Music Monday - Bill Black


Today William Patton "Bill" Black was born.

He was the largely uncredited bassist in the group Blue Moon Boys, the band behind Elvis Presley.

After forming Bill Black's Combo, the quintet specialized in instrumental covers of the era in the late '50's to the early '60's. Eight of the recordings by Bill Black's Combo placed in the Top 40 between 1959 and 1962. These were "White Silver Sands" (U.S. No. 9), "Josephine" (U.S. No. 18), "Don't Be Cruel" (U.S. No. 11), "Blue Tango" (U.S. No. 16), and "Hearts of Stone" (U.S. No. 20). Advertised as "Terrific for Dancing" their Saxy Jazz spent a record whole year in the top 100.

The Combo appeared in the 1961 film The Teenage Millionaire and on The Ed Sullivan Show, where they performed a medley of "Don't Be Cruel," "Cherry Pink," and "Hearts of Stone", and were voted Billboard's number one instrumental group of 1961.

Bill Black combo


From Wiki:
In 1963, Bob Tucker joined the Bill Black Combo as a road manager and guitar/bass player. Black himself had been ill for the past year and a half and unable to travel. Nonetheless, he insisted that the band continue without him.

The Bill Black Combo created musical history in 1964 when they became the opening act for the Beatles (at their request) on their historical 13-city tour of America after their appearance on the Ed Sullivan Show. Black himself was not well enough to make the tour.

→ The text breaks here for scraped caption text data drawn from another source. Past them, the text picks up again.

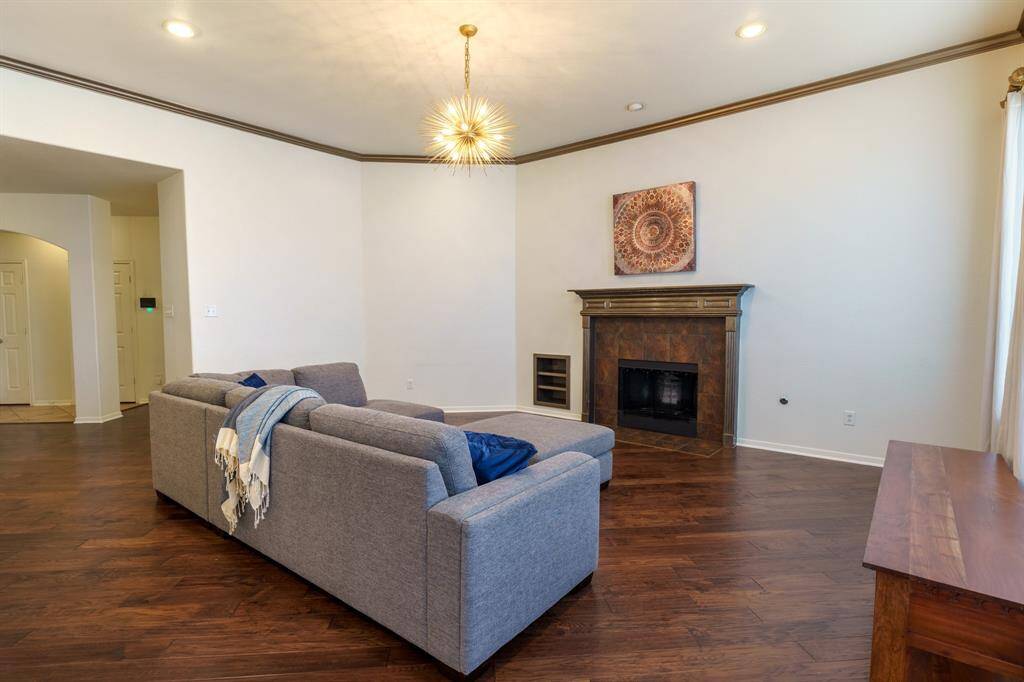 This spacious living room features elegant hardwood flooring, a modern chandelier, and an open layout with arched doorways leading to the kitchen and dining areas. Natural light fills the space, complementing the neutral walls and that will accommodate cozy sectional sofa.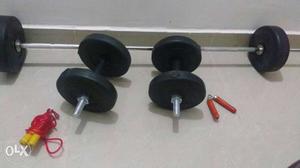 Pair Of Black Dumbbells And Barbell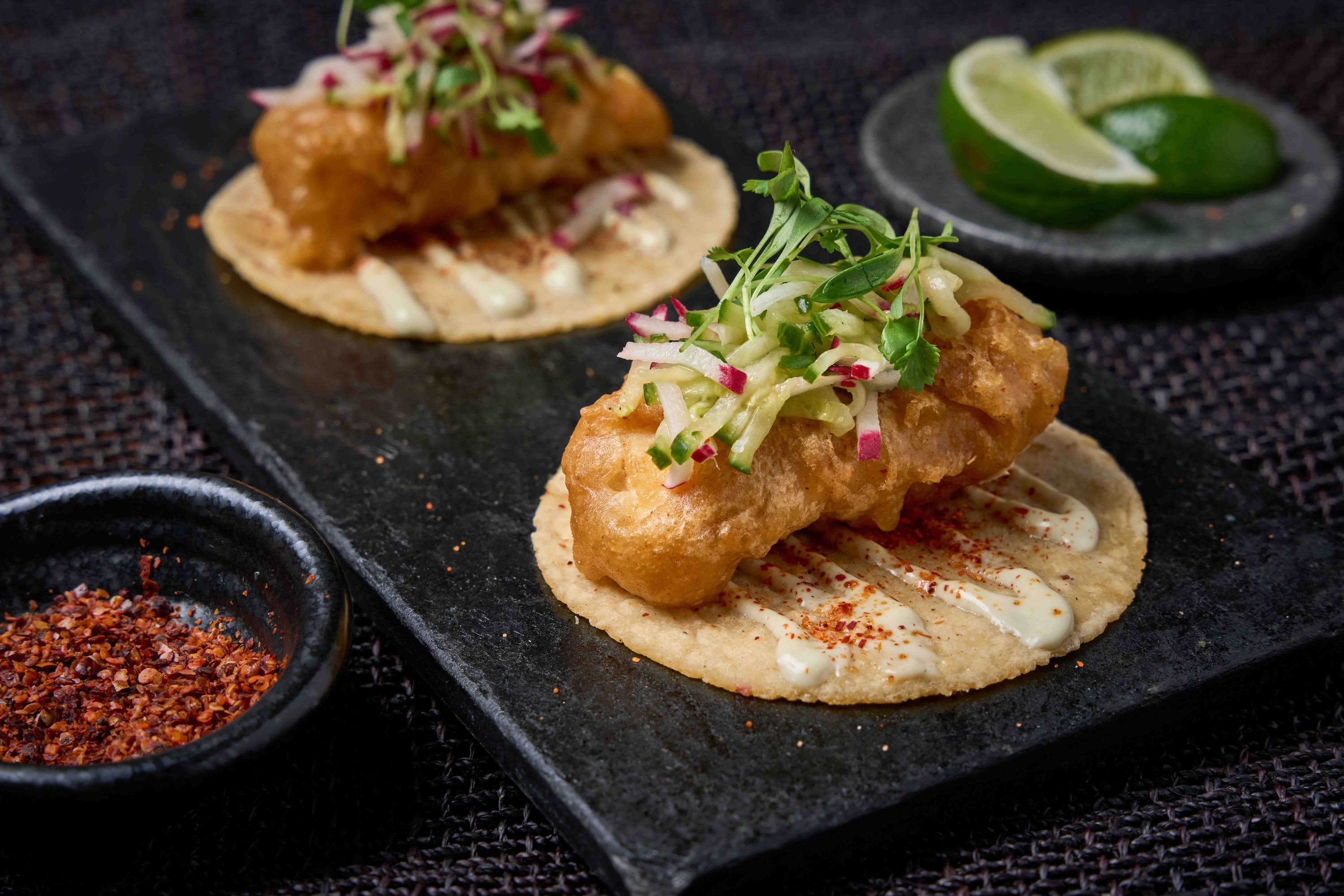Crispy fish tacos topped with slaw served on corn tortillas with lime wedges and chili powder on a black slate.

Black's main stand-up bass is today owned by ex-Beatle Paul McCartney, who received the instrument as a birthday present from his late wife Linda McCartney in the late 1970s. The bass can be seen in the video clip to McCartney's song "Baby's Request". In the documentary film The World Tonight, McCartney can be seen playing the bass and singing his version of "Heartbreak Hotel".

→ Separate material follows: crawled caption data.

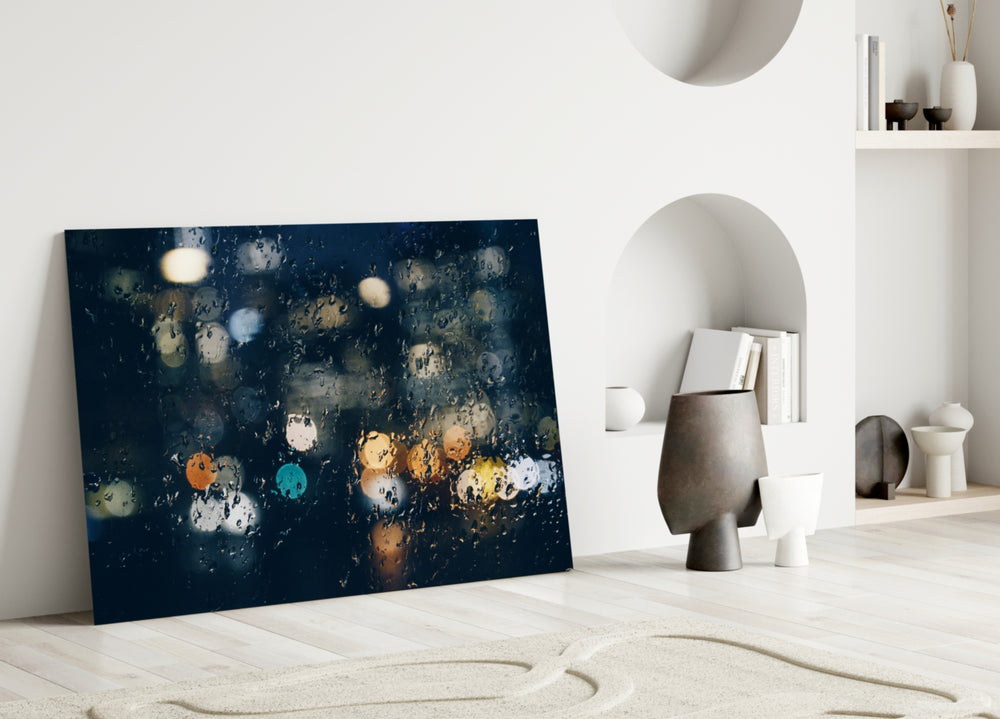 Close-up detail of raindrops on glass with city-light bokeh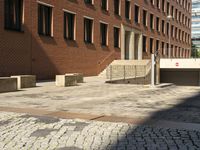 empty sidewalk outside the side of a brick building in a city setting on a sunny day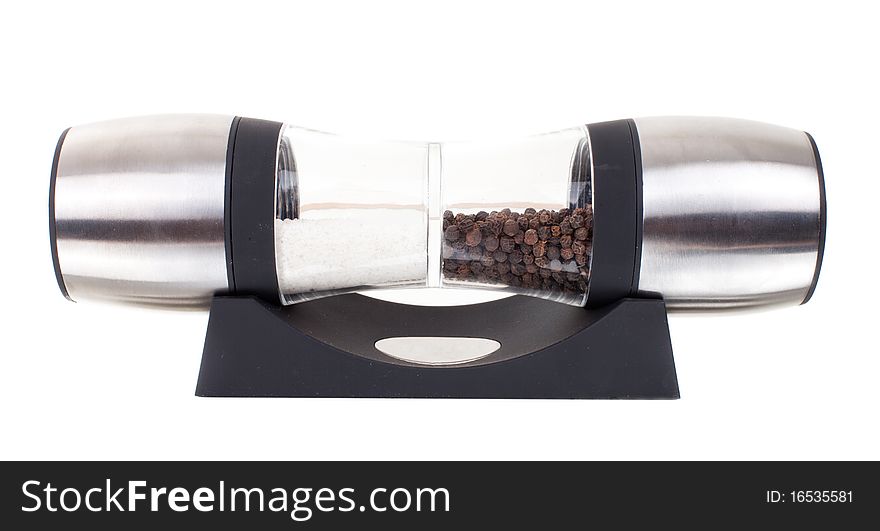 Series. A glass grinder of pepper isolated on a white background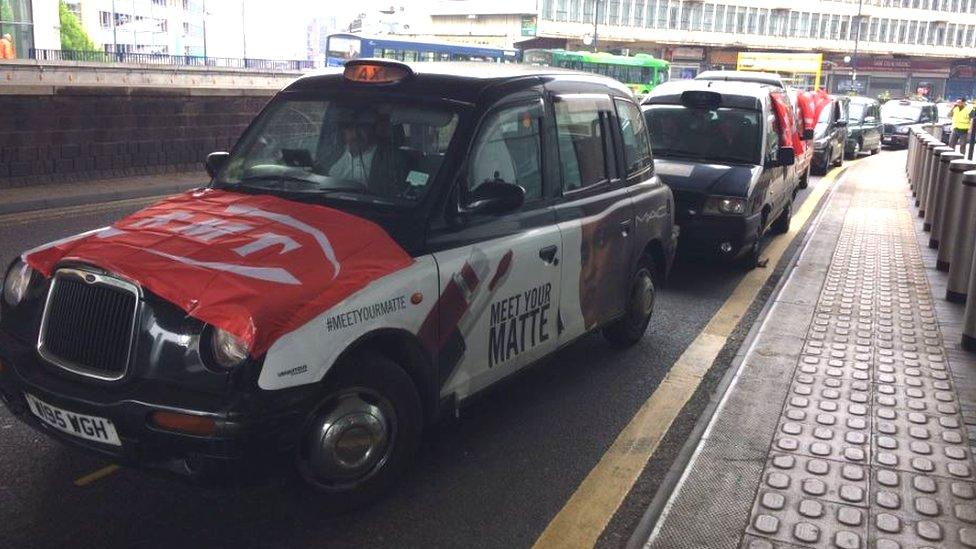 Taxis in Birmingham displaying RMT flags and posters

In 1995, he played it on "Real Love", the last "new" Beatles record (one of two in which McCartney, George Harrison and Ringo Starr overdubbed a full arrangement onto a John Lennon home recording from the late 1970s).

In 2005, Clay Steakley portrayed Black in the Elvis Presley biopic miniseries Elvis.

On April 4, 2009, Bill Black was inducted into the Rock and Roll Hall of Fame.

We lost Bill Black October 21, 1965.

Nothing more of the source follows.